Patricia Young’s Airstream includes a short story that surely doubles, despite its independent plausibility as a tale, as a manifesto-an ingenious statement of the author’s poetics. “Hitchhike” centres around a fifteen-year-old named Jayne, who cadges lifts from strangers to get to school. Fortunately, nothing irrevocably horrible befalls this likeable heroine, who has the gift of eliciting from her rides the essentials of their lives-Jayne is clearly an author in the making. She learns about the Gulf War, she comes to intuit the meanings behind Emmylou Harris’s lyrics in “Sweet Old World”. The worst that happens is that an Echo picks her up. Jayne assesses its driver: “The artsy type, she thinks, glancing over. Linen trousers, glasses, brown loafers without socks. But this one doesn’t respond to her questions (So how’s it going? Think it’s gonna rain?), and when she stops talking he doesn’t speak.” This unpleasant driver, the name of whose vehicle implies a lack of interest in anything not originating with himself, may embody the kind of literature that ignores the world, ignores human interest, defeats reciprocity and engages (as the plot of “Hitchhike” demonstrates) in nasty, petty perversity at the expense of a captive audience.
Young’s prose is brimful of sensual particularity and at the same time somewhat racy, in its incorporation of swift, funny, and plausible dialogue. Typical of Young is her story “Airstream”. It concerns the affair between a junkie named Dill and his clean girlfriend Trudy. Trudy’s apparent freedom from enthrallment to drugs is ironic: her real drug is Dill. Young lays out some of the terms of the relationship between her characters in the very first sentence of the story: “Dill pedals slowly down the middle of the street and Trudy jogs alongside.” Thrillingly, Young compresses time:
“It was 1972, a slate grey sky. Face down on a bedside table: a Math 11 textbook, a copy of The Turn of the Screw. Sweet and sour spareribs bubbling in the oven. Next year Dill would be dead but that afternoon Trudy could hear the rush of his heart and the cook’s voice as it wound down to a wordless humming.”
Young captures the mean capriciousness of inexperienced love. Dill is, as usual, on his bike:
“Once, after rain, Dill’s front wheel skidded on the oily pavement and he fell off. Trudy reached out to help but he said no. Cutting through the golf course, she tried to kiss him but he shrank back. She stuffed a handful of leaves down the front of his shirt and he pushed her away.
‘Fuck off.’
‘Fuck off yourself.’
She stomped ahead, ankle-length cape flapping against her legs.

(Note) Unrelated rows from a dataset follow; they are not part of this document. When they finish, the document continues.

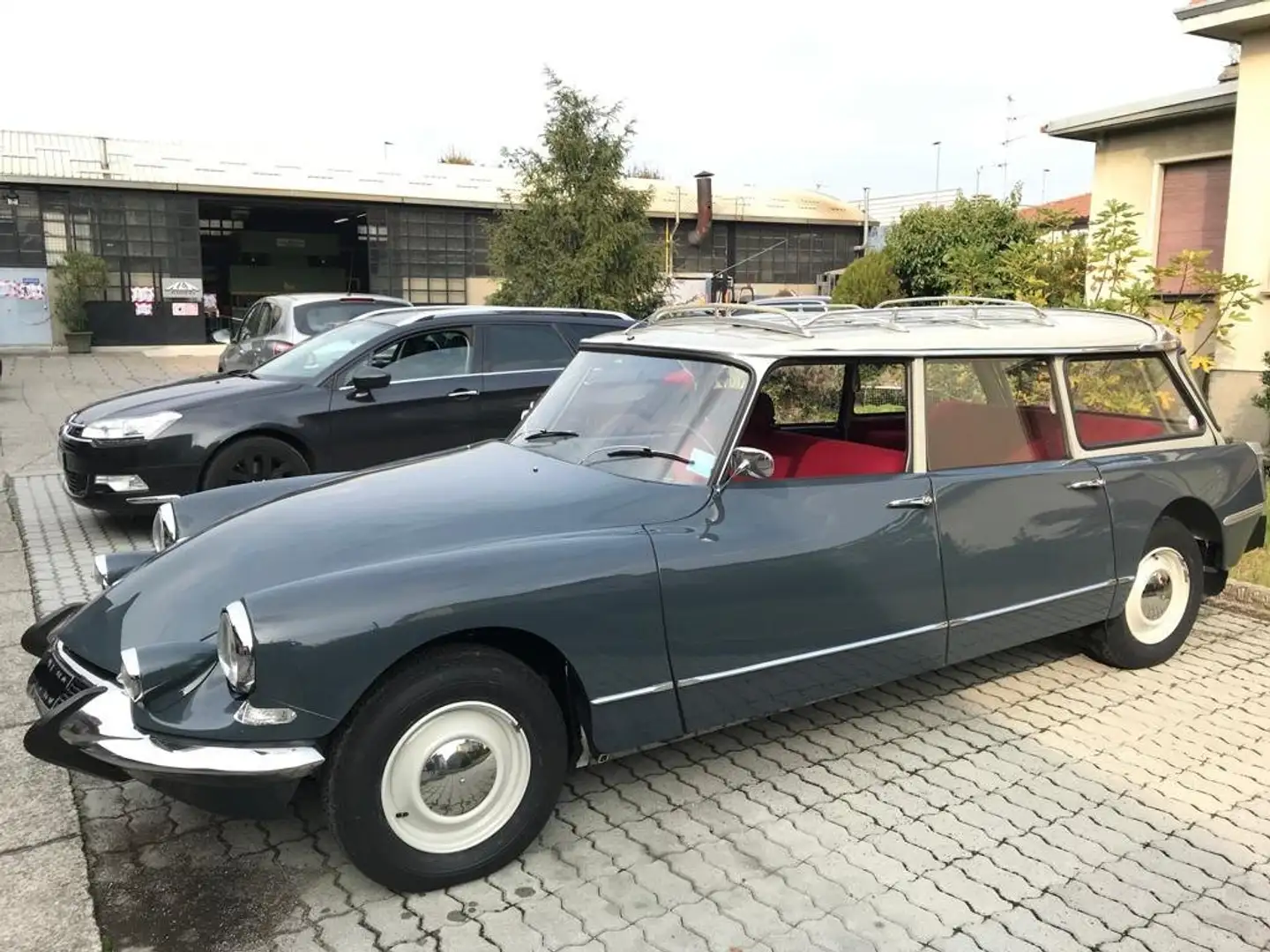 Citroen DS ID 19 Break Familiale 1967 LHM Gris - 1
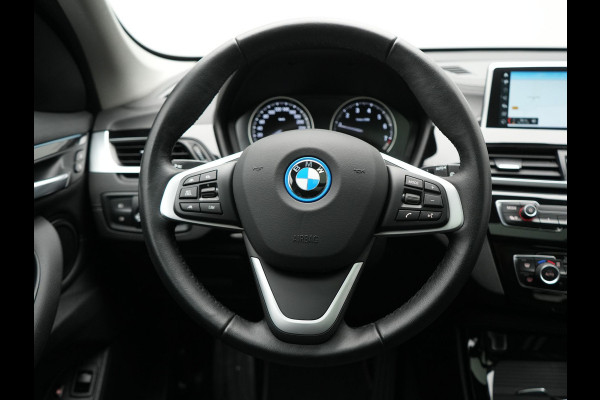 BMW X1 xDrive25e Sportline Plug In Hybrid 221pk Dealer O.H PHEV | Panodak | Adaptive Cruise | Camera | Sportstoelen Verwarmd | Sfeerverlichting | Navigatie | DAB |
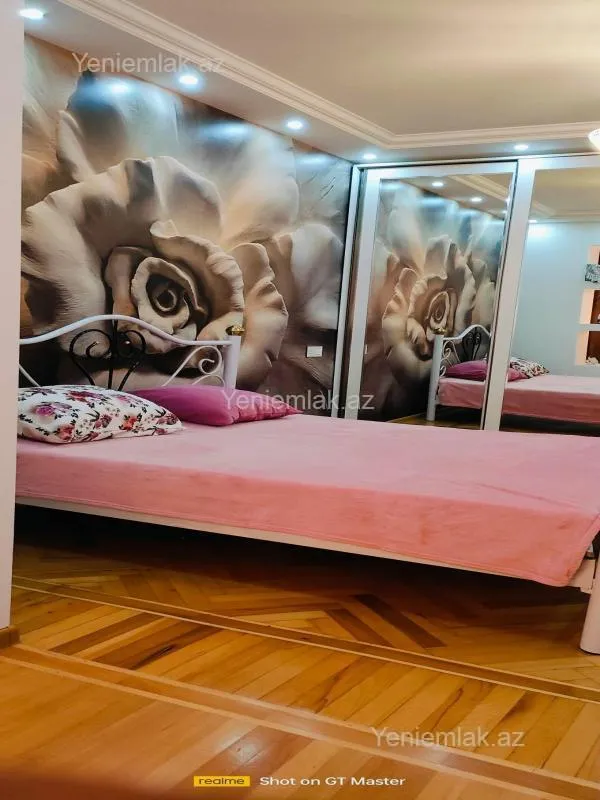 Satılır 2 otaqlı köhnə tikili 65 m²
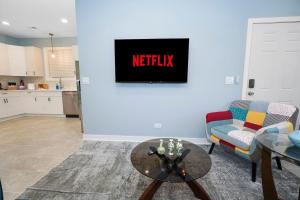 Spacious 3BR Near United Center & Medical District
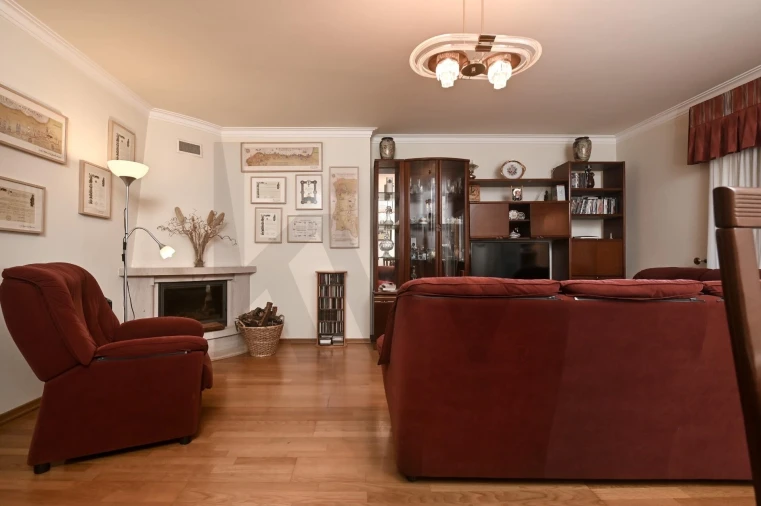 Apartamento T2 para Venda em Carnaxide e Queijas Foto 5
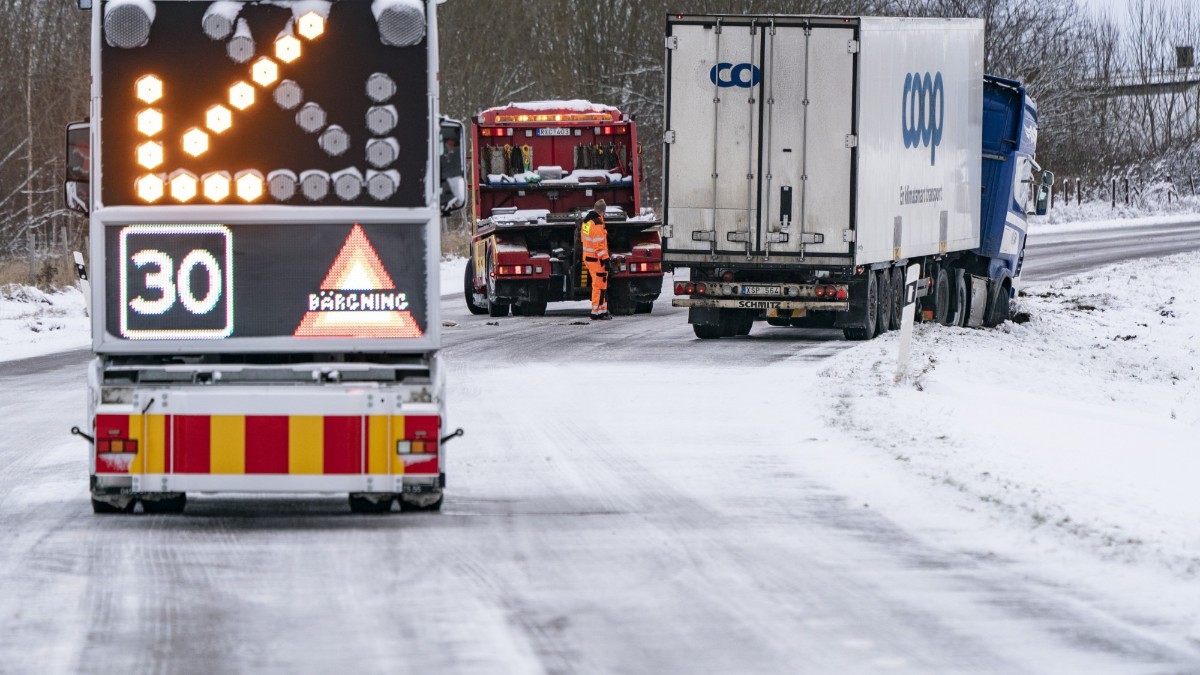 SMHI Varnar För Blixthalka I Eftermiddag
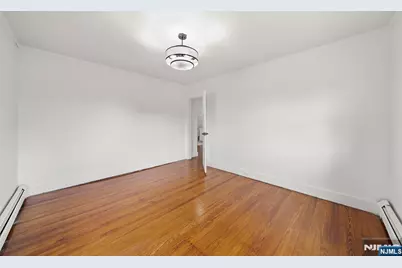 46 Chamberlain Avenue, Little Ferry, NJ 07643 - Photo 16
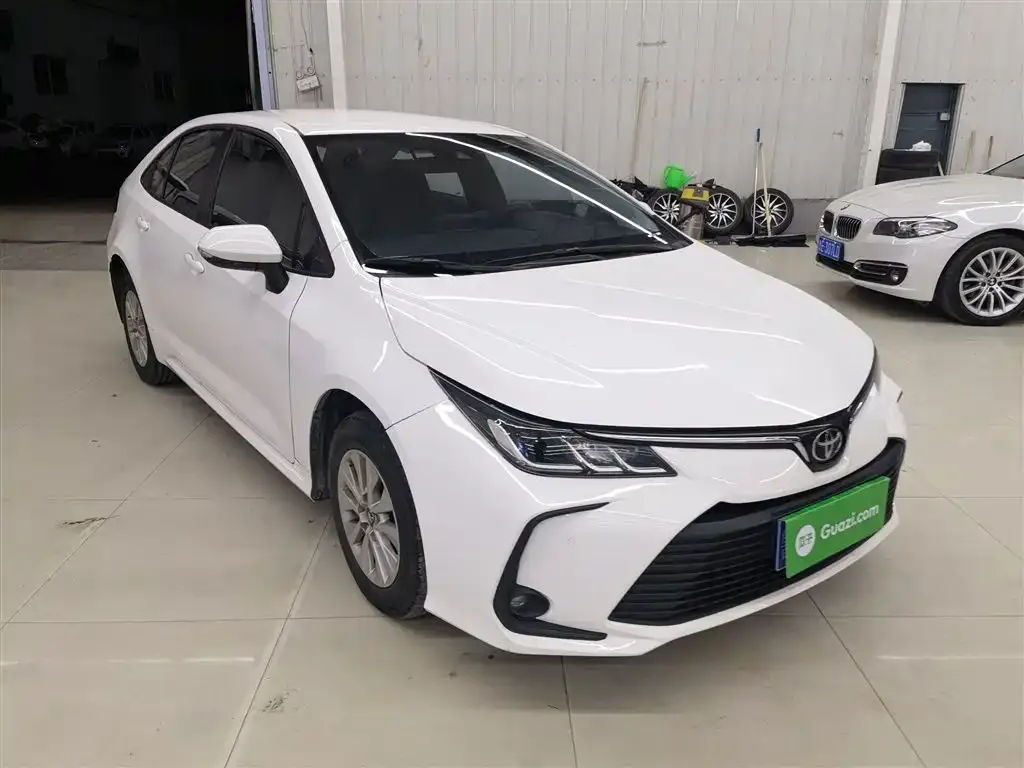 Toyota Corolla 2023 из CN, фото 4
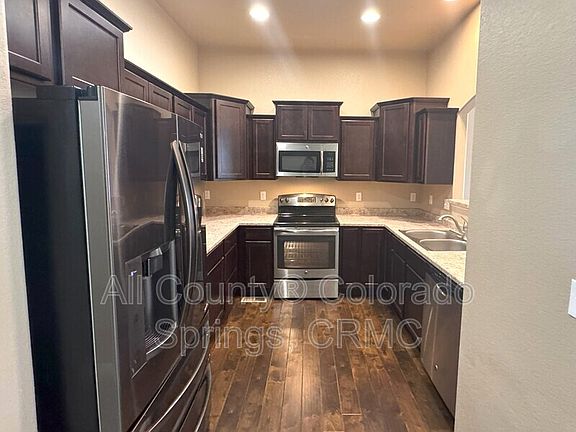 5th image of 6520 Emerald Isle Hts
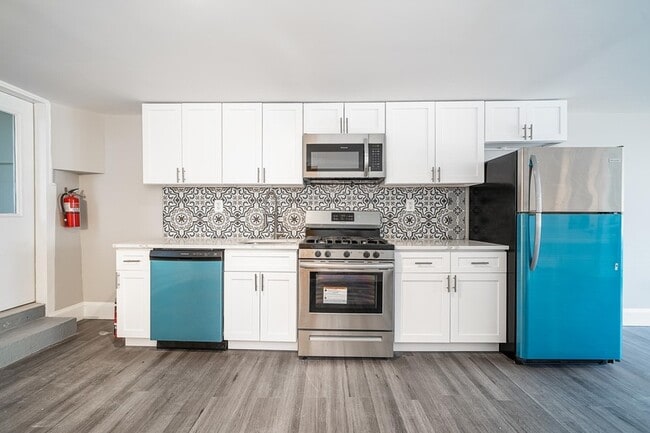 Building Photo - 213 Ogden Ave.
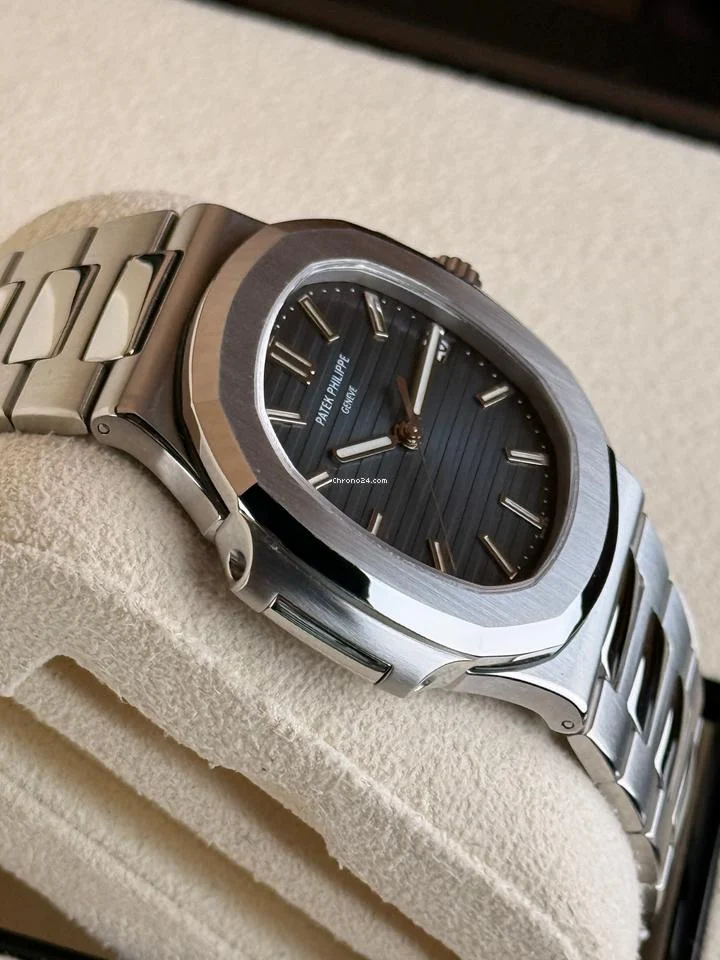 Patek Philippe Nautilus - Image 6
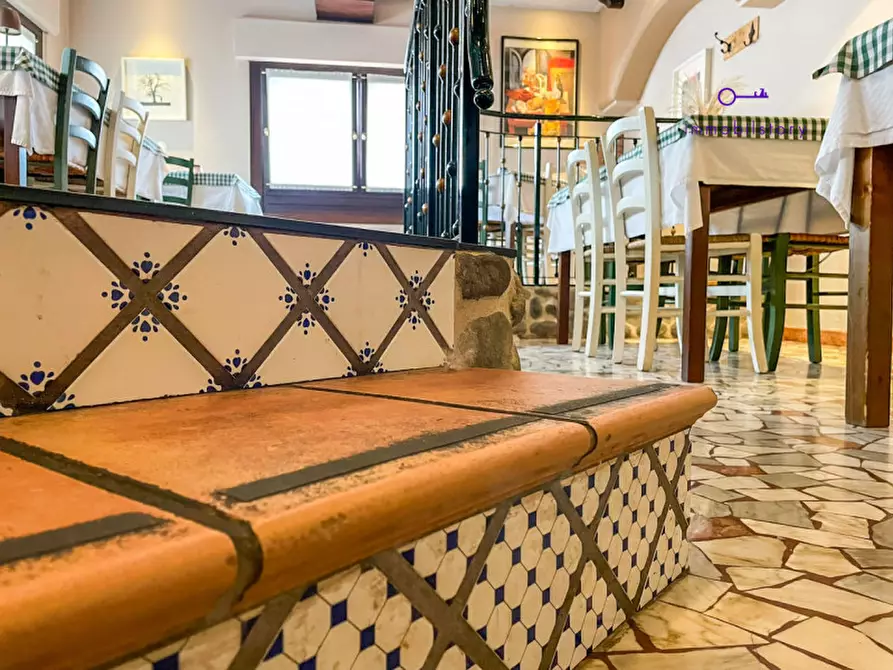 Immagine 7 di Attività commerciale in vendita  a Padova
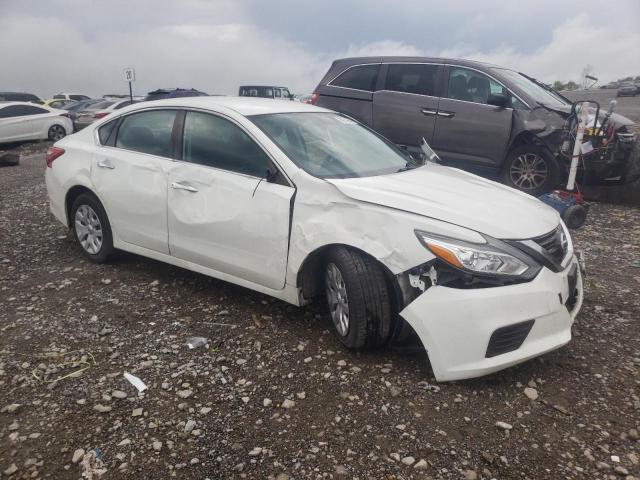 1N4AL3AP4HN359882 - 2017 NISSAN ALTIMA 2.5 WHITE photo 4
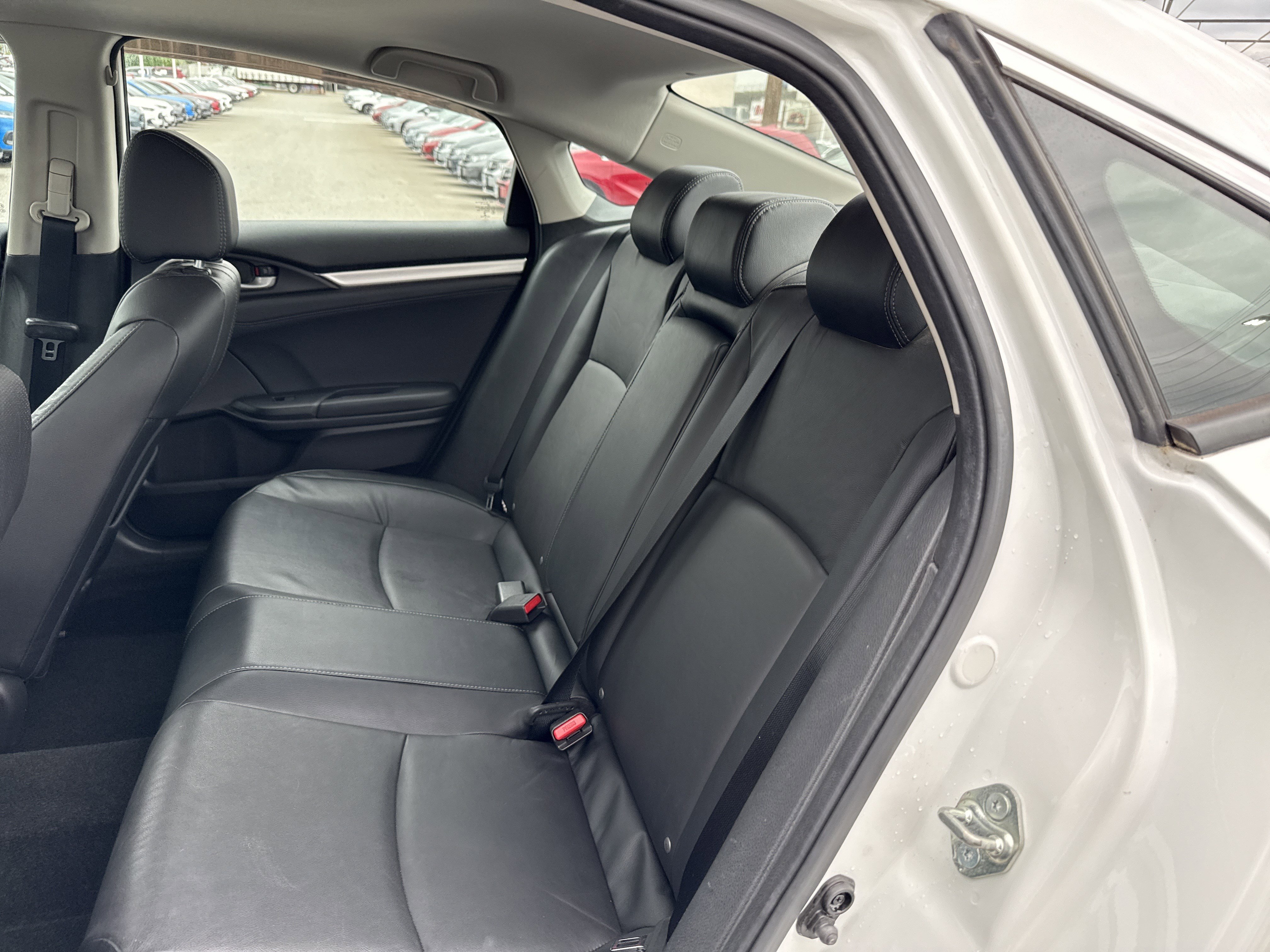 Used 2017 Honda Civic EX-L image 32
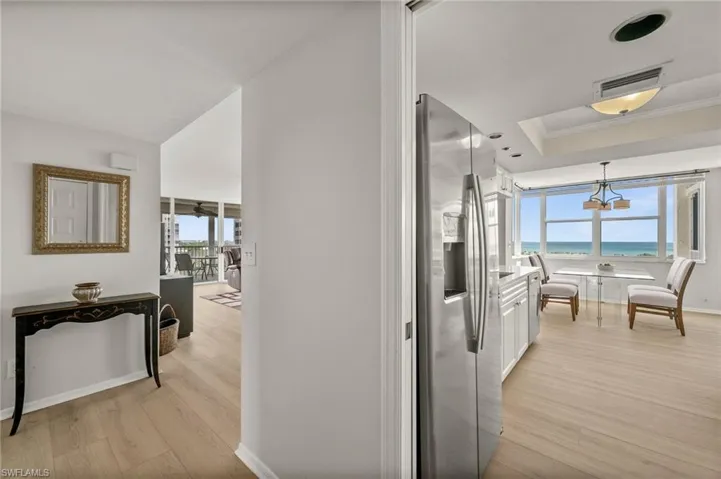 5550  Heron Point  DR, Naples, FL 34108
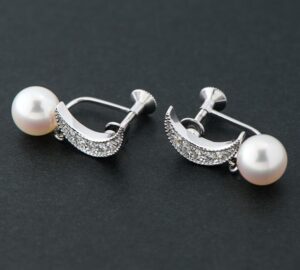 ダイヤモンド買取価格表 ｜ダイヤモンド[ミキモト パールイヤリング]を買取しました。【真珠買取リパール】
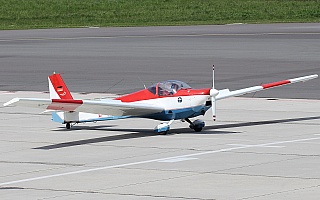 Bild: 17329 Fotograf: Frank Airline: Segelflugschule Oerlinghausen Flugzeugtype: Scheibe SF-25C Falke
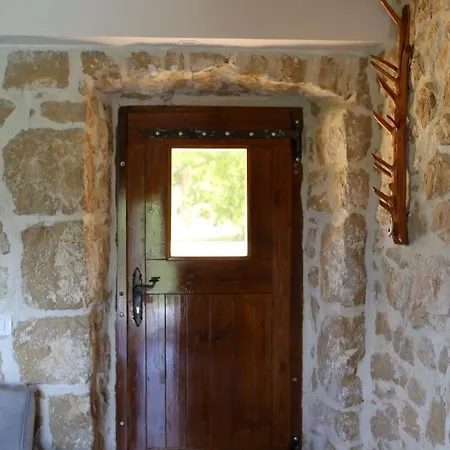 בית נופש Stone House Chico ליובוסקי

‘Not one true friend,’ he shouted after her. ‘Not one true friend in the whole damn world.’”
“Airstream” provides a frightening intuition of how pain and attachment are connected: “[Dill] took a pen out of his shirt pocket, pushed up her sleeve and wrote on the pale underside of her arm: TRUDY LOVES DILL FOREVER. It hurt where he pressed down but she didn’t stop him because he was right; she would love him forever.” The rolling up of her sleeve suggests the injection of heroin; need violates the craven and craving body. But the difference between Dill and Trudy is that Trudy is alive to everything, especially Dill, whereas Dill is dying and already deadened. Like her heroine Trudy, Patricia Young keeps her eyes and ears wide open-vulnerable but attentive. Biblioasis Press is to be congratulated for offering in Airstream a stylish, intelligent and credible book, attuned to female experience but compelling, nonetheless, to a reader such as I, who necessarily stands outside that experience.
GLOBE AND MAIL, by Jim Bartley
Journeys Into Darkness and Light
Are there are lapses in Patricia Young’s Airstream? Every book has them, but in the best they only prove the author’s humanity. This collection of stories from Young, a prolific, award-winning B.C. poet, is a quietly assured wonder. It’s a book of parts that integrate into an artistic whole, parts linked not by characters or plot but by a way of knowing and showing the world. Young gives us love and folly and pain and the unending mystery of women and men, boys and girls, with a nuance and balance suggesting Alice Munro, and with echoes of the same wisdom.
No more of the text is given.